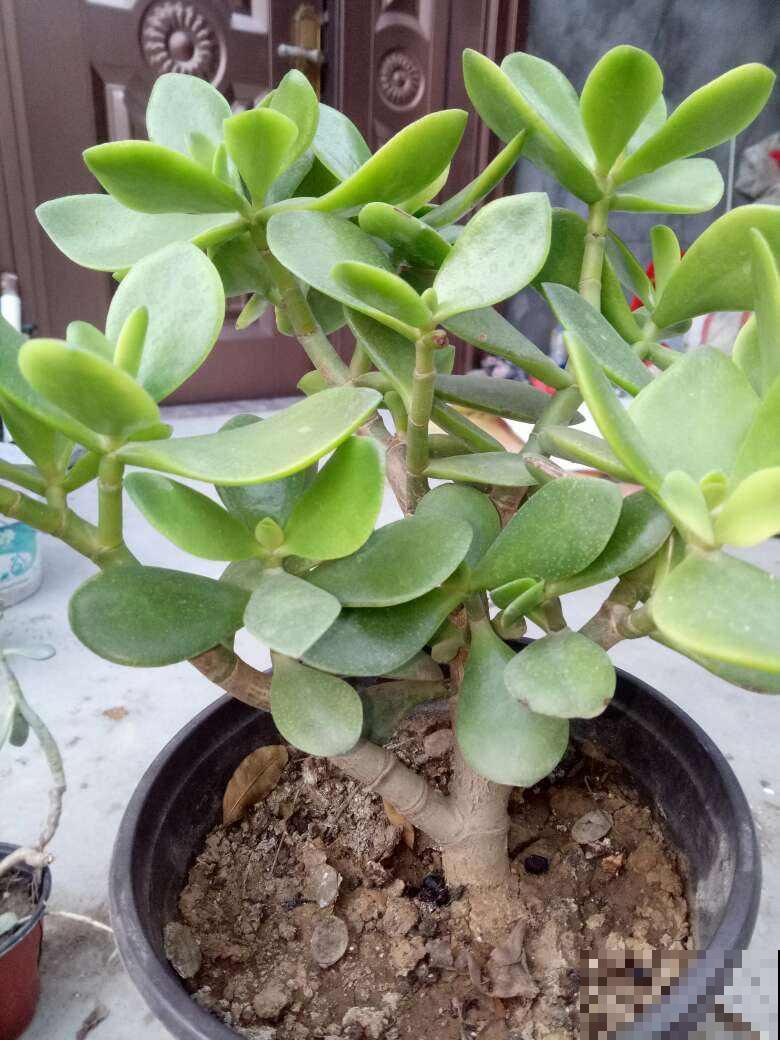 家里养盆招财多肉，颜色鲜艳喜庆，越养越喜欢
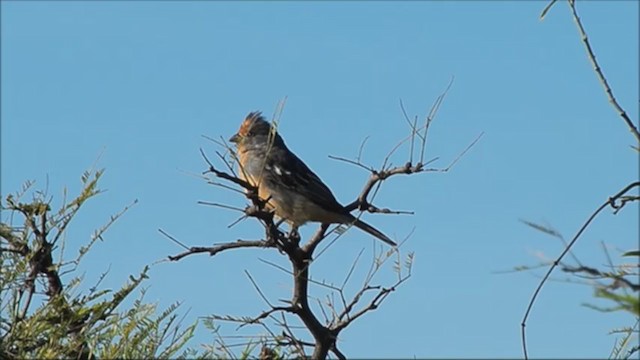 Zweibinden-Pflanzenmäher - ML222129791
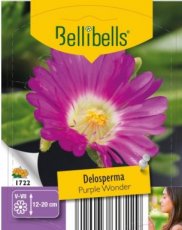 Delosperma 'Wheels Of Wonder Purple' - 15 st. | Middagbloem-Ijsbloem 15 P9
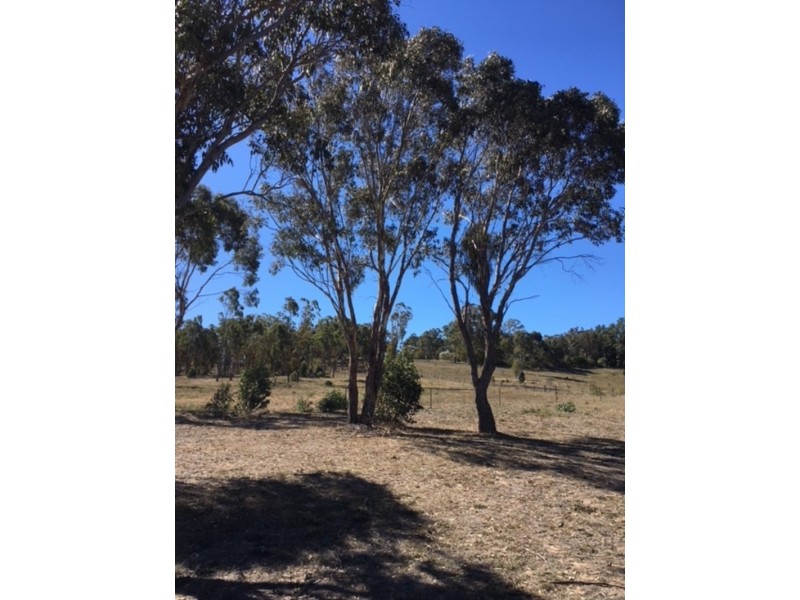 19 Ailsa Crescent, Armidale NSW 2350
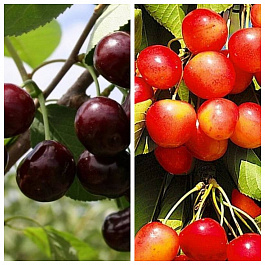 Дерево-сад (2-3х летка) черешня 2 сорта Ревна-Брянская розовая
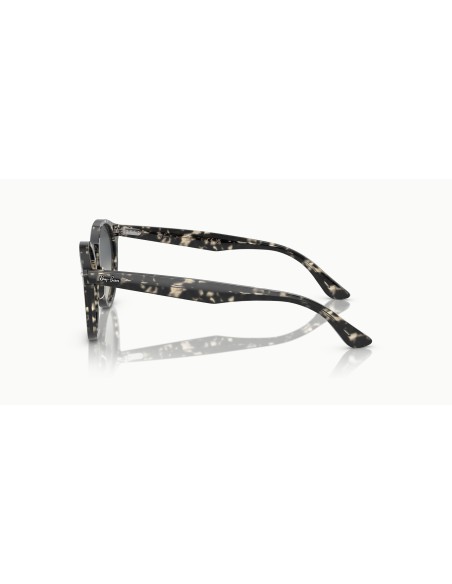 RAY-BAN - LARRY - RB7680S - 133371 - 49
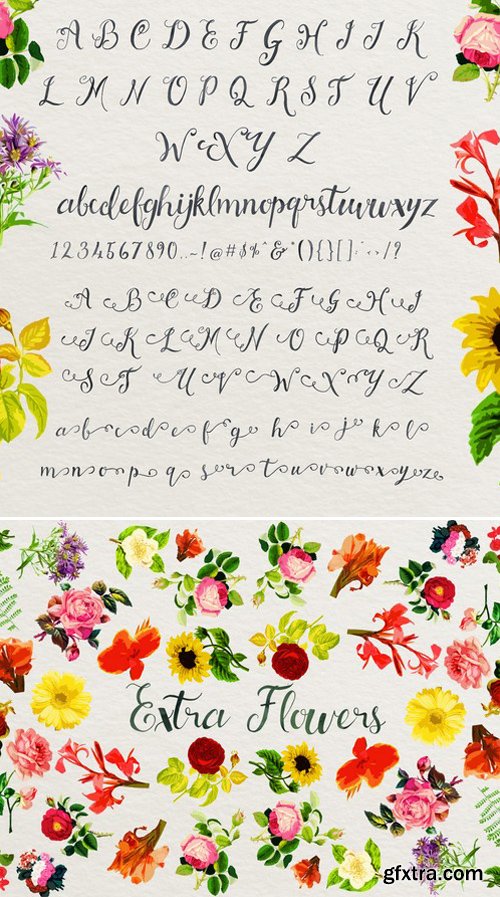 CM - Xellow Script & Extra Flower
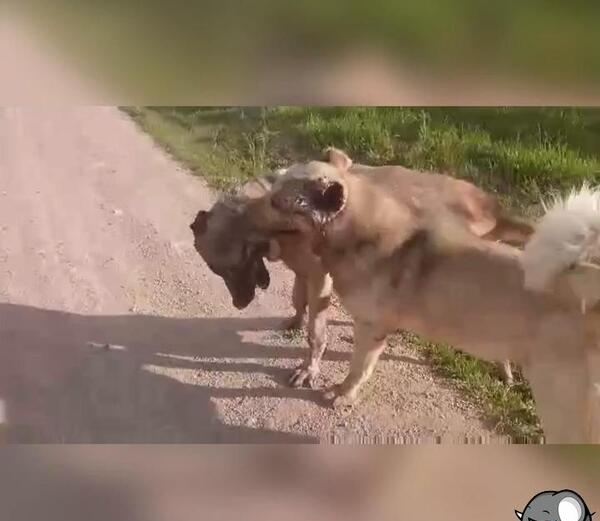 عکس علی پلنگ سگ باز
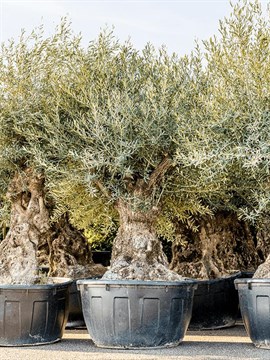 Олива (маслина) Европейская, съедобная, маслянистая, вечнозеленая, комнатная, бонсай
---
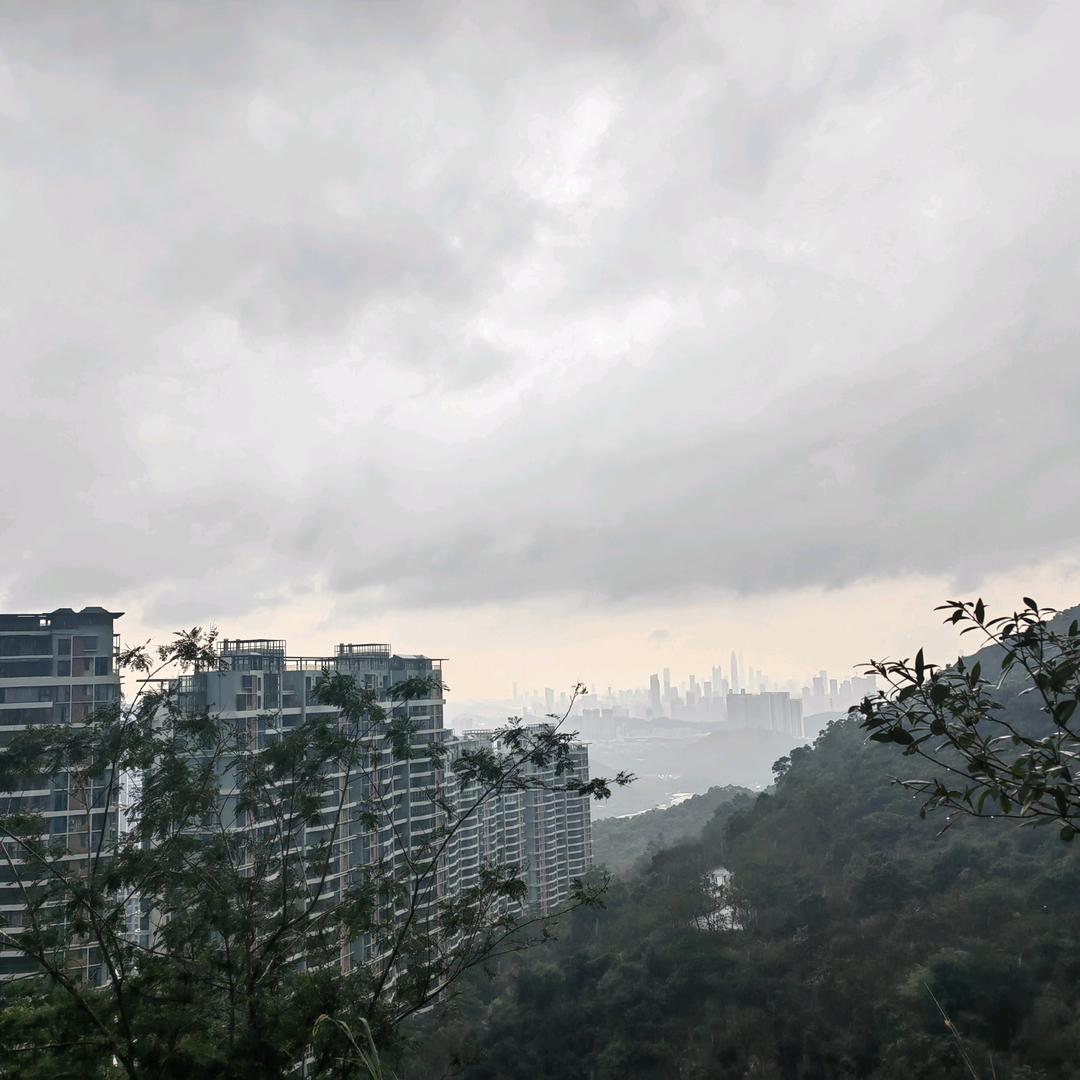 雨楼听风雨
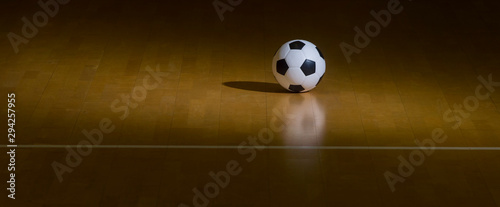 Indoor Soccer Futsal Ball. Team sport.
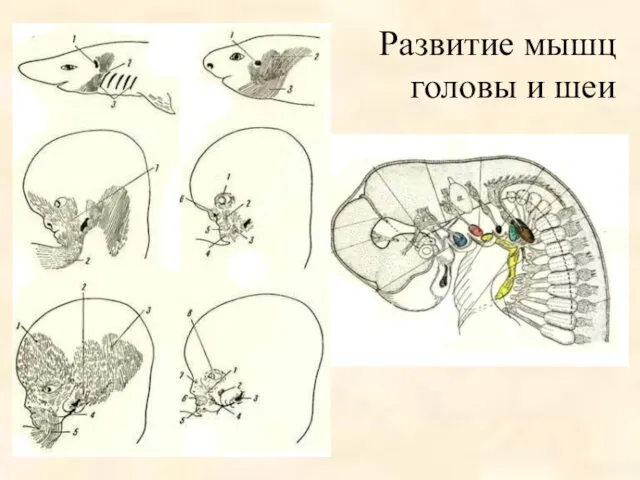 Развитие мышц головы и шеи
---
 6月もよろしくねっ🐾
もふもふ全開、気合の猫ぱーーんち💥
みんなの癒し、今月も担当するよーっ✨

> TASK OBJECTIVE: The material above holds pictures; leave them out. Repeat exactly the lines from the one containing "Zweibinden-Pflanzenmäher - ML222129791" through the one containing "عکس علی پلنگ سگ باز", and nothing else.

> COMPLETED TASK:
 Zweibinden-Pflanzenmäher - ML222129791
 Delosperma 'Wheels Of Wonder Purple' - 15 st. | Middagbloem-Ijsbloem 15 P9
 19 Ailsa Crescent, Armidale NSW 2350
 Дерево-сад (2-3х летка) черешня 2 сорта Ревна-Брянская розовая
 RAY-BAN - LARRY - RB7680S - 133371 - 49
 CM - Xellow Script & Extra Flower
 عکس علی پلنگ سگ باز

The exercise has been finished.